# Math Help - I need to know what this is called.

1. ## I need to know what this is called.

Hi, guys. We are learning about an an algebraic proportional equality (this is not what it is called, just a description of sorts) something in class right now, and I haven't been able to comprehend it. I asked my professor what it was called and he said it didn't really have a name and that it was just an application of different algebraic principles on ratios. So I don't know what to look for specifically online to discover comprehension on my own. My best idea thus far is to post an example here and see if you guys can point me in the right direction as to how to learn it. It just hasn't clicked with me yet, as it is a different way to think about algebra.

So, here is an example (well, I will post a couple, one considered hard and one considered easy):

Given,
$\theta = \theta_\circ + \omega_\circ t + \frac{1}{2}\alpha t^2$

if you $\theta$ to $2\theta$ what would you to to $\alpha$ to make both sides equal?

And another:

Given,

$\frac{36 + xy}{uw} = z$

what would you do to $x$ to make both sides equal if we changed $z$ to $3z$? What about $w$?

I'm not looking for the answers here. I'm looking to understand. I know that you can't change the variables themselves (as in giving it an exponent), you have to add an additional coefficient beside them.

Any help?

2. (36 + xy) / (uw) = z

If I follow what you're saying, each side of the equation is multiplied by 3
(giving value 3z to right side), but only the x is affected on the left side.

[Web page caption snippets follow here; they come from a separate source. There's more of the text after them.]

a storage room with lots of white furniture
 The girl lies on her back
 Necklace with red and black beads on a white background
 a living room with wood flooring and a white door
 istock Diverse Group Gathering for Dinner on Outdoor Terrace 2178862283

So we'll let x's new value = k:
(36 + ky) / (uw) = 3z
36 + ky = 3uwz
ky = 3uwz - 36
k = (3uwz - 36) / y

So the value of x needs to be changed to the equivalent of (3uwz - 36) / y

Best I can do for you; 1st time I see such a problem.

3. Thanks! I want to say that that is exactly how it is done, but I don't have the answers. Still, I believe you are right, and I understand exactly what you did. I resembles what he was doing on the board but in a way I can grasp, and I honestly don't see another way to approach it. Thanks again! I will try working the problems using this method. If I get them wrong, it will still help me learn it by understanding my errors.